▸ **TASK PROMPT**: Once the line with "Lucherino (Carduelis spinus)" is found in the entries below, repeat it and each following line exactly, up to and including the line with "X0000080670089200612151208". Add no other lines.
───── DATA SHOWN
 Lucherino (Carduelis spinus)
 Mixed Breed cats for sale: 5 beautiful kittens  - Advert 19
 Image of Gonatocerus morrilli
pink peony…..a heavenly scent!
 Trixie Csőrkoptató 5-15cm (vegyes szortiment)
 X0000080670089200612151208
──────────
───── DATA SHOWN
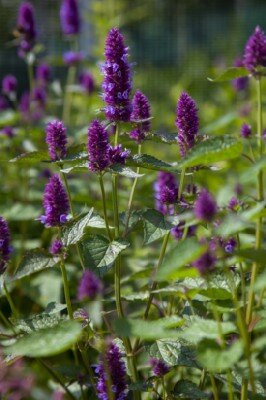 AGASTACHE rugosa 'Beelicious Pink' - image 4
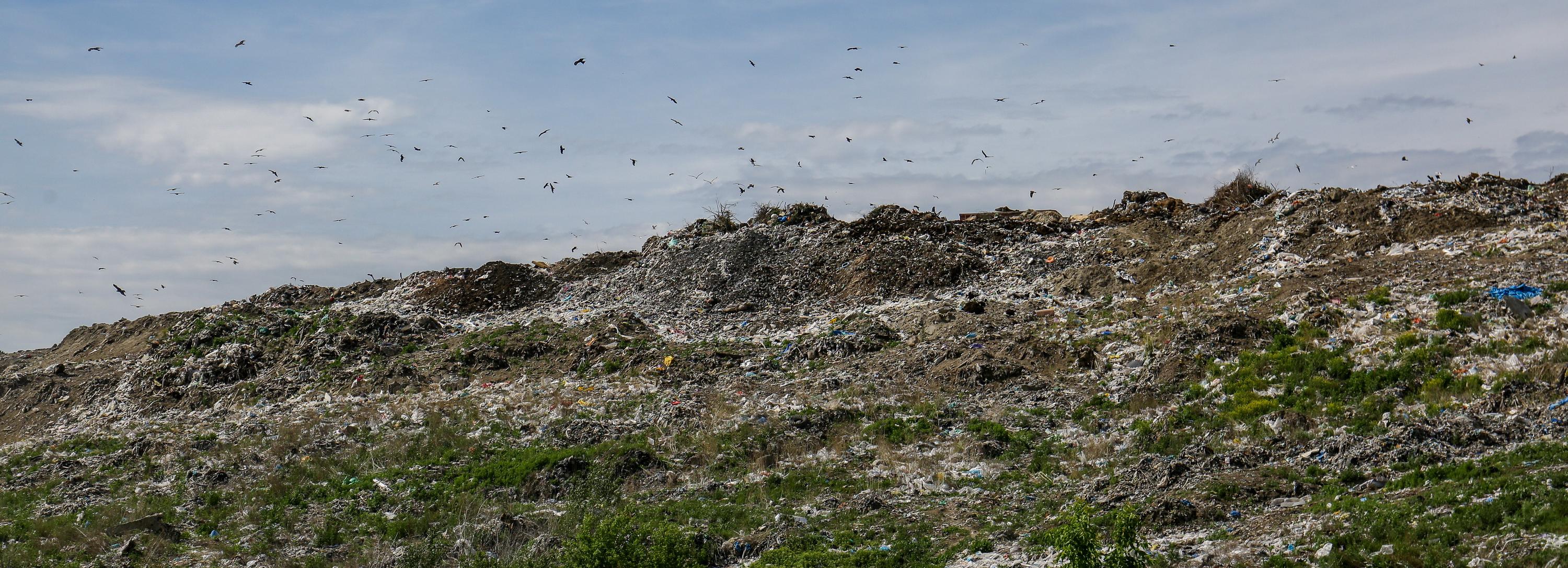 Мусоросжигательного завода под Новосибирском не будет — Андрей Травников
──────────
───── DATA SHOWN
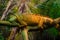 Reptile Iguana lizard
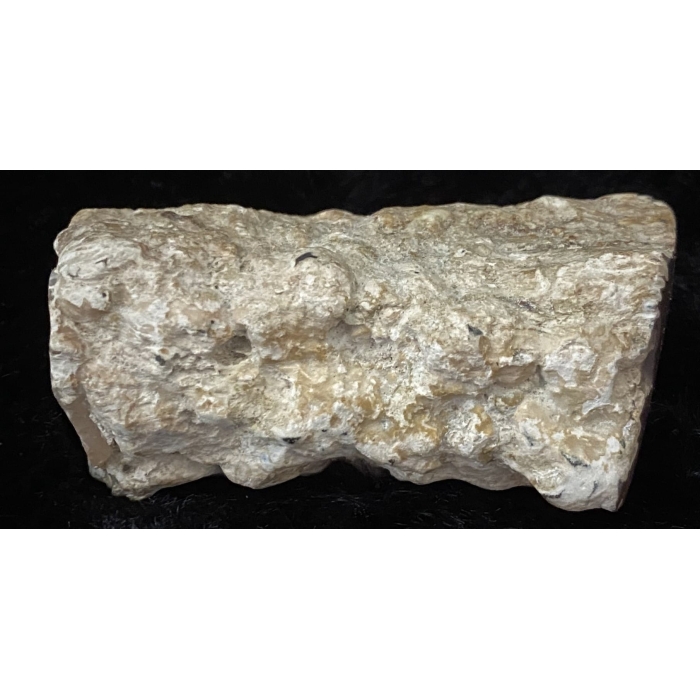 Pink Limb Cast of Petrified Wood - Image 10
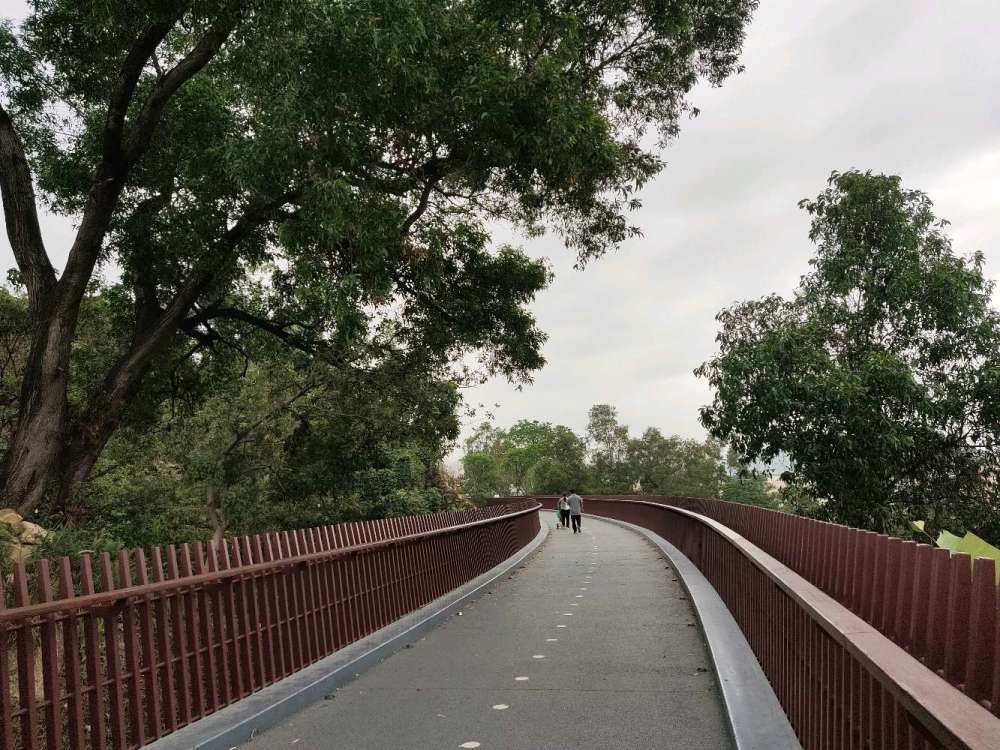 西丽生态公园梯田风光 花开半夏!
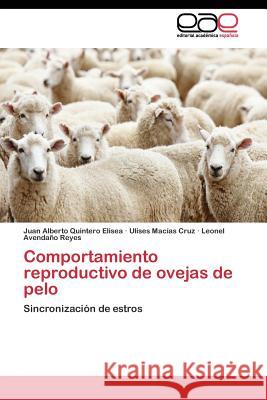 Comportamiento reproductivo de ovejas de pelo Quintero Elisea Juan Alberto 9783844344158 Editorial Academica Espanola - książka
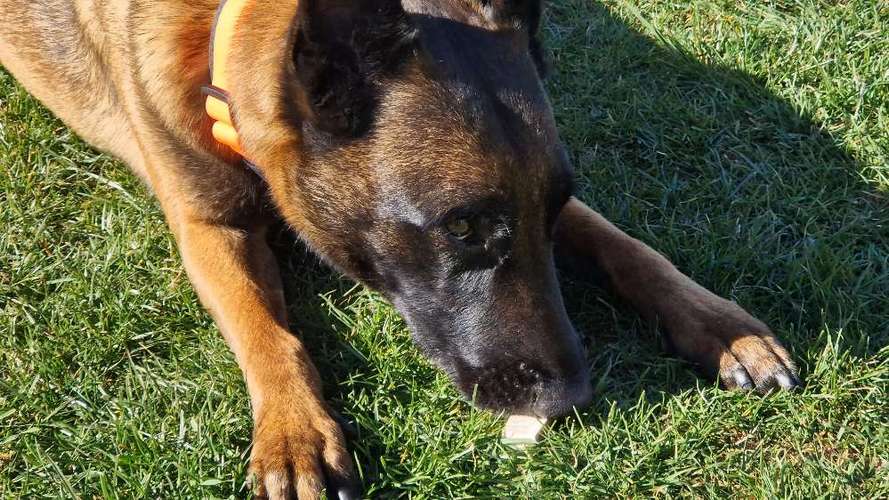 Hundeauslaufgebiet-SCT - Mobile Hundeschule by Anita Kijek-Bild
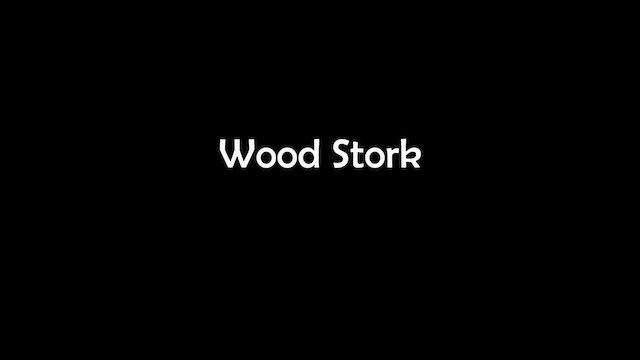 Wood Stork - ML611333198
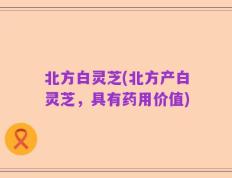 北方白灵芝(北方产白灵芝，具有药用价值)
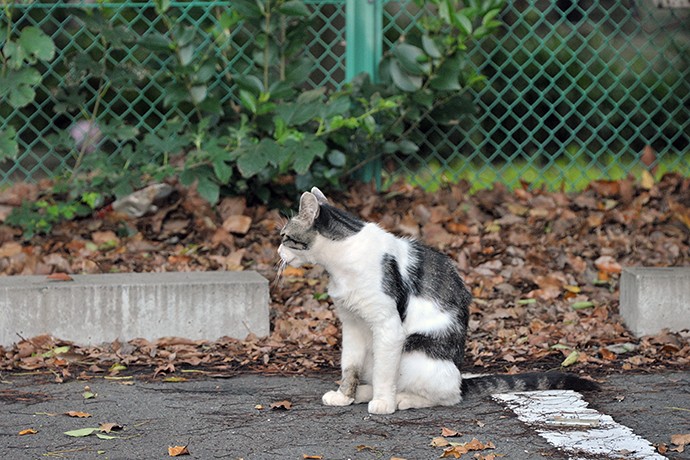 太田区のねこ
──────────
▸ **REPLY TO THE EXERCISE**:
 Lucherino (Carduelis spinus)
 Mixed Breed cats for sale: 5 beautiful kittens  - Advert 19
 Image of Gonatocerus morrilli
pink peony…..a heavenly scent!
 Trixie Csőrkoptató 5-15cm (vegyes szortiment)
 X0000080670089200612151208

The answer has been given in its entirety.